La reacción antiprogresista se manifiesta en todo el mundo. En Chile no solo se expresa en la crítica a la insurrección de octubre de 2019 sino también en el retorno de la «nueva narrativa». Ni los libros estarán a salvo si el enemigo triunfa.
Luis López-Aliaga, Jacobin
La ola restauradora nos trasciende, recorre el mundo entero y se instala en los Estados Unidos de la mano de un Donald Trump cada vez más desatado. Pero también está aquí, en Chile, con sus propias particularidades, impelida con fuerza por la furia anti octubrista y administrada con astucia por los dueños del negocio.
La lógica binominal nos trae de vuelta la idea de las decisiones entre pocos, los más preparados para eso, los que nacieron para mandar y hacerse cargo. Incluso, hace algunas semanas, alguien subido a la avalancha restauradora se atrevió a proponer a Eduardo Frei Ruz-Tagle como candidato a la presidencia. Parece chiste, pero ya sabemos que estas cosas suelen empezar como un chiste. Sobre todo ahora que cualquier bandera parece servirle a las elites en su afán de restituir el orden amenazado por la barbarie.
Están de vuelta los realities, la farándula, Kike Morandé, el Señor de la Querencia y, como si fuera poco, la Nueva Narrativa. Lo anunció, por supuesto, El Mercurio, con poco disimulado alborzo: «La Nueva Narrativa vuelve a las librerías. Los 90 se resisten».
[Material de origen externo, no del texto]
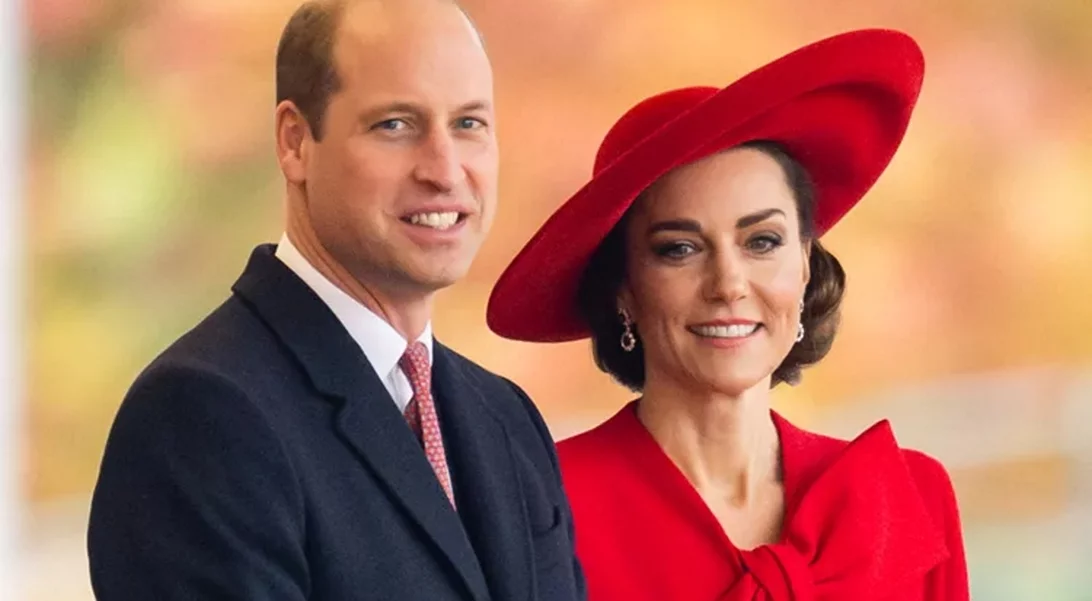 Kate Middleton - πρίγκιπας William | Νέο βιβλίο κάνει λόγο για εμπλοκή τους στο σκάνδαλο Epstein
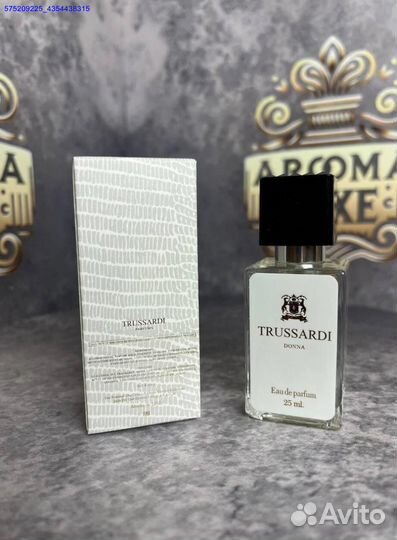 Духи Труссарди Донна / Trussardi donna 25мл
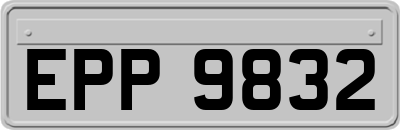 EPP9832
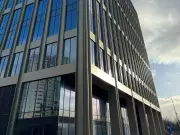 Lloyds Cardiff HQ Sold in £38.4m Deal to Second Horizon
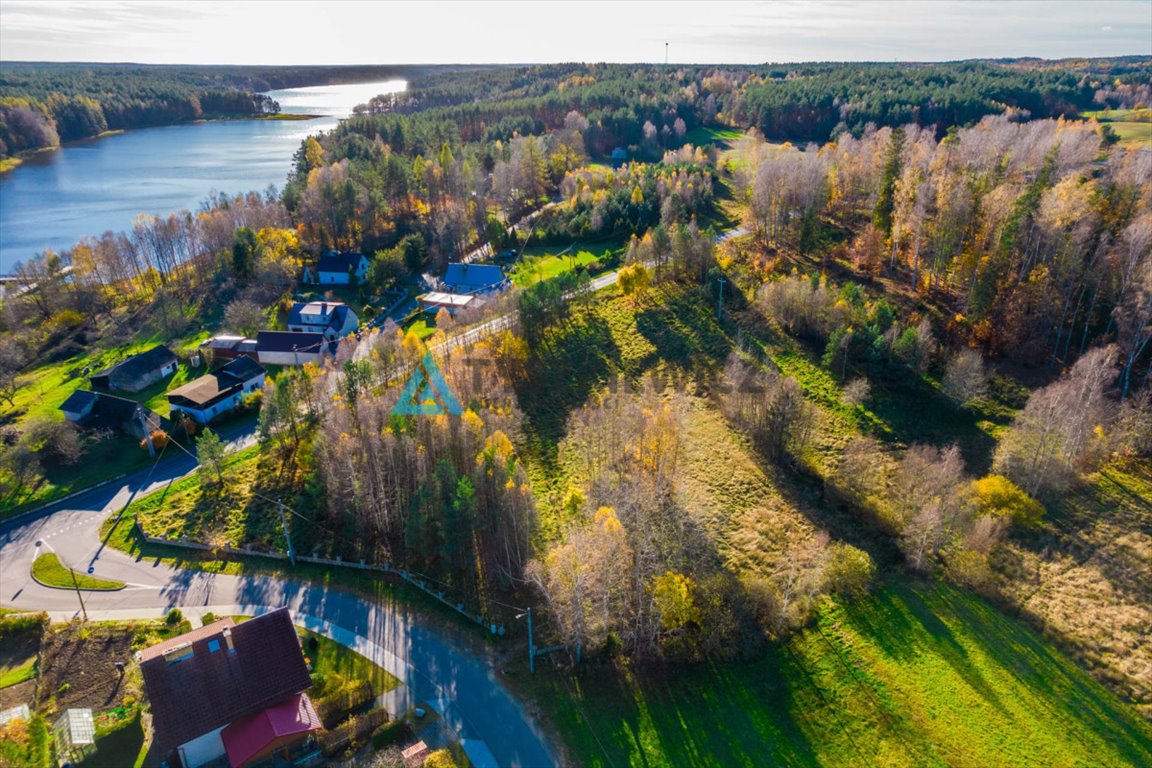 Działka inwestycyjna na sprzedaż Studzienice  10 400m2 Foto 10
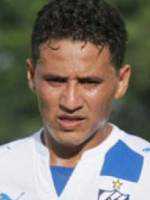 Carlos Oliva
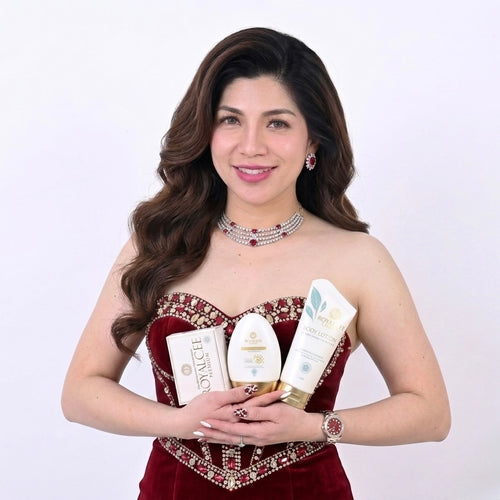 POWER TRIO Royalcee Premium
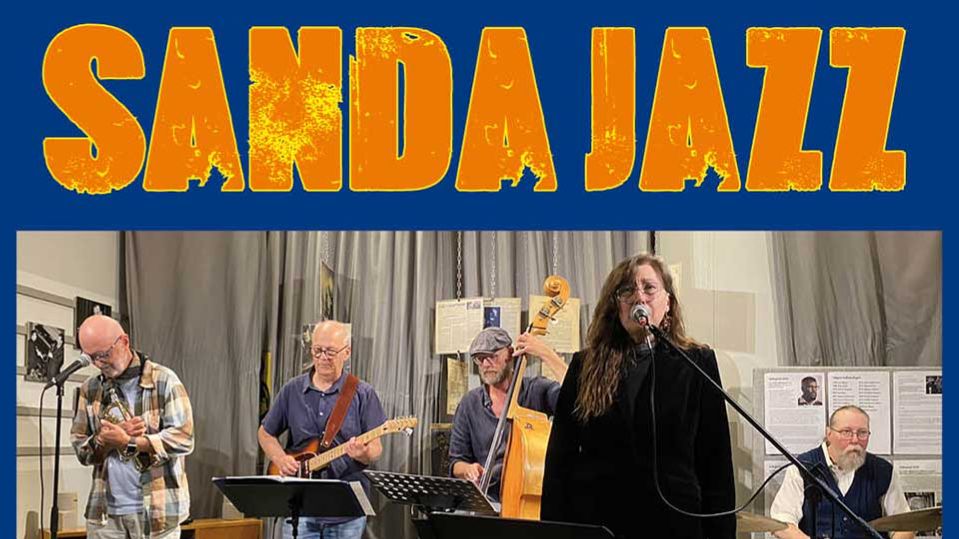 Sanda Jazz Station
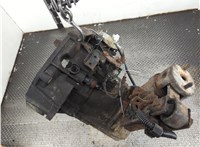  КПП 5-ст.мех. (МКПП) Volkswagen Transporter 4 1991-2003 20645057 #5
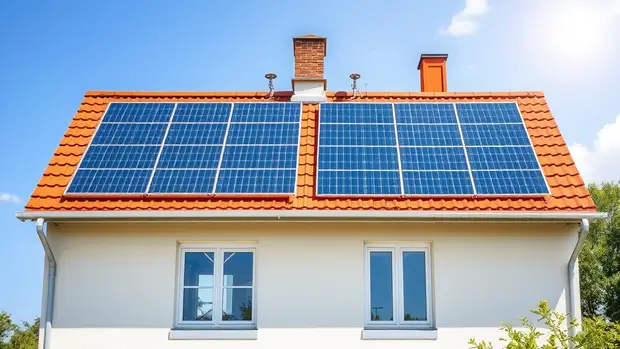 Comparaison Solaire Thermique Photovoltaique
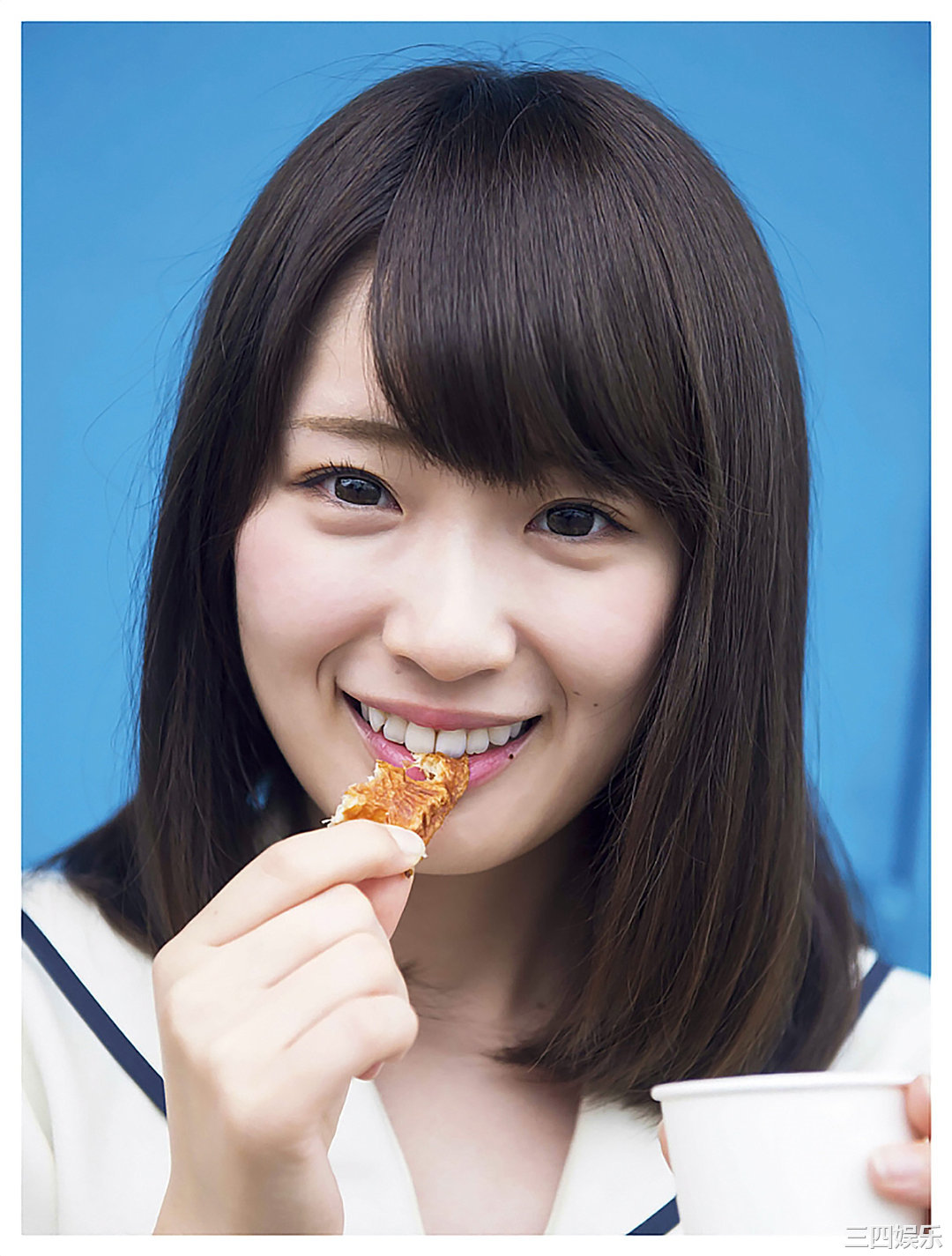 乃木坂46写真集《「初森ベマーズ」 電子写真集 Vol.1》高清全本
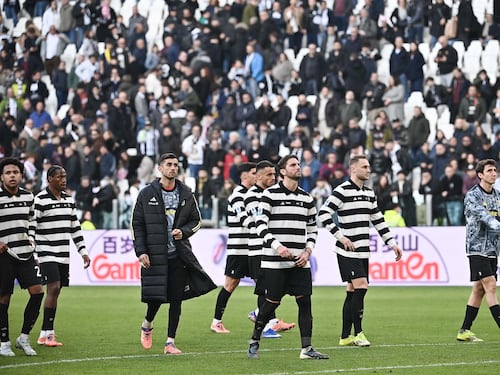 Juve vicina al baratro. Il Como infierisce su una Signora spenta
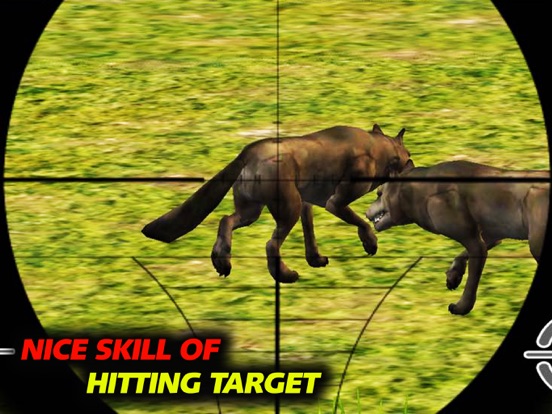 Screenshot #6 pour Chasse Wild Animal Safari 2017: Deer Hunting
Los 90 son el paraíso perdido, el horizonte en el que ha devenido la pobre utopía conservadora del suplemento cultural Artes y Letras, y también de muchos de los progresistas de entonces, que vieron cómo con los años perdían toda relevancia. En ese horizonte aparece el duopolio editorial, esa fórmula sencilla de controlar el fundo literario, secretamente anhelada también por muchos peones e inquilinos que se dejan seducir fácilmente por la promesa de orden y seguridad.